Photo of Furuta and Gutierrez-OsunaAn interdisciplinary team of Texas A&M University faculty recently received a two-year, $734,000 development grant from the Andrew W. Mellon Foundation to improve scholarly access to early modern texts. Funds from the grant will go toward the University’s Early Modern Optical Character Recognition (OCR) Project (eMOP), created to develop new methods and tools to improve the digitization, transcription and preservation of early modern texts. 

Led by faculty members in the College of Liberal Arts and Dwight Look College of Engineering, the project research team includes Dr. Laura Mandell, professor in the Department of English and director of the Initiative for Digital Humanities, Media, and Culture (IDHMC); Dr. Richard Furuta, professor in the Department of Computer Science and Engineering; and Dr. Ricardo Gutierrez-Osuna, an associate professor also in the Department of Computer Science and Engineering. Other project leaders include Dr. Todd Samuelson and Mr. Anton DuPlesis, book historians at Texas A&M’s Cushing Memorial Library & Archives. 
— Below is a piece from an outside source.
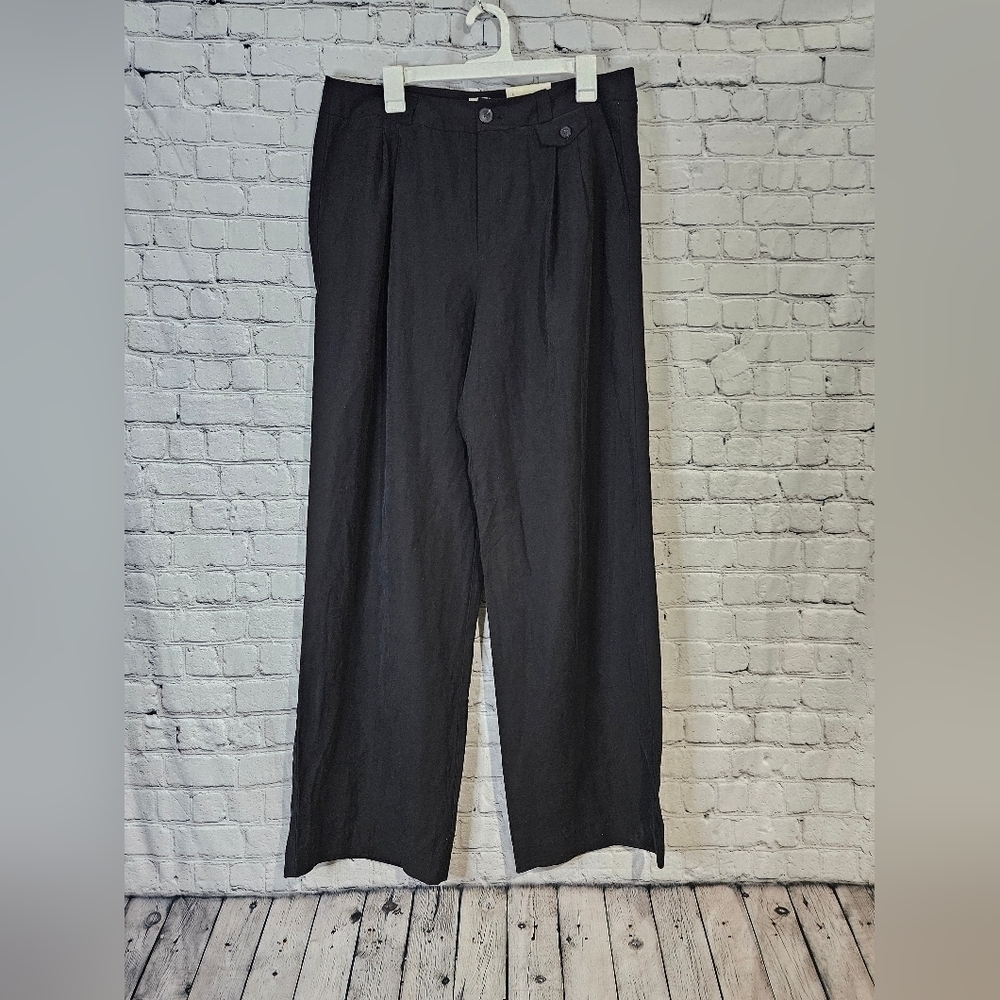 A new day wide leg dress pants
“The peculiarities of early printing technology make it difficult for OCR software to discern discrete characters and, thus, to render readable digital output,” said Mandell. “Receiving this grant will make it possible to improve the machine-translation of digital page images with cutting-edge crowd-sourcing and OCR technologies, both guided by book history.”
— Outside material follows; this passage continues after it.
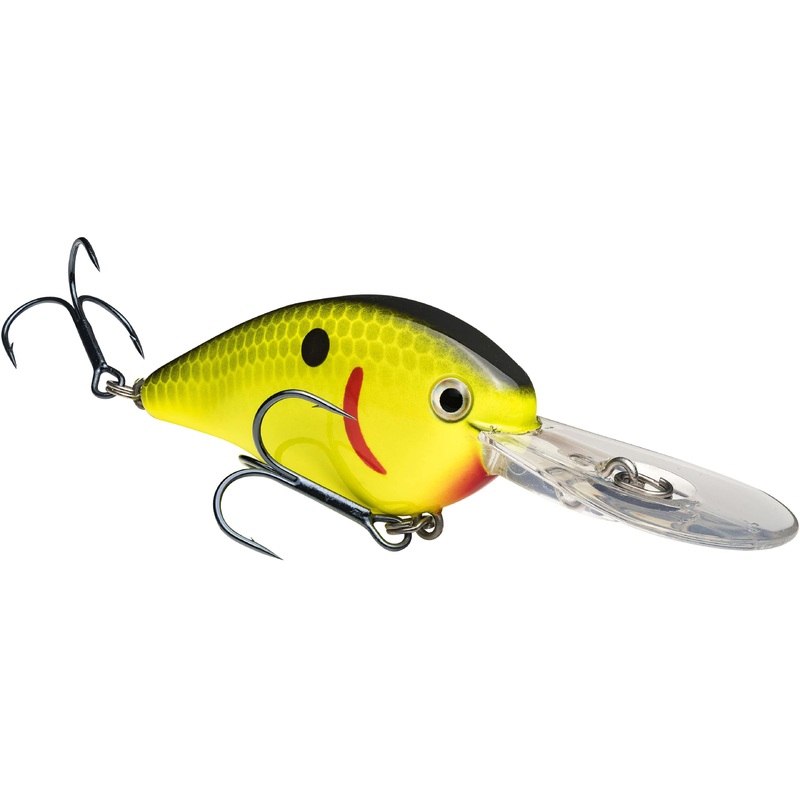 Strike King KVD 1.5 Flat Side Medium Diving Crankbait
eMOP promises to improve the quality of digital surrogates for early modern texts by creating a database of early modern fonts, by training software that mechanically types page images (OCR) to read those typefaces and by creating crowd-sourced correction tools. 

“Our goal is to further the digital preservation processes currently taking place in institutions, libraries and museums globally,” stated Mandell.

The eMOP is part of the IDHMC, an initiative in the College of Liberal Arts developed as one of the eight Initial University Multidisciplinary Research Initiatives in Texas A&M’s Academic Master Plan. In collaboration with participating institutions and individuals, the aim of the IDHMC is to aggregate and re-tool many of the recent innovations in OCR in order to provide a stable community and expanded canon for future scholarly pursuits. In concert with the Advanced Research Consortium (ARC) and its digital hubs—NINES, 18thConnect, ModNets, REKn and the Medieval Electronic Scholarly Alliance —eMOP has received permission to work with more than 300,000 documents from Early English Books Online (EBBO) and Eighteenth-Century Collections Online (ECCO), totaling 45 million page images of documents published before 1800.

The IDHMC is committed to the improvement and growth of digital projects and resources. The two-year funding support for eMOP from the Andrew W. Mellon Foundation will help IDHMC educate, preserve and develop the future of humanities scholarship for the scholarly community.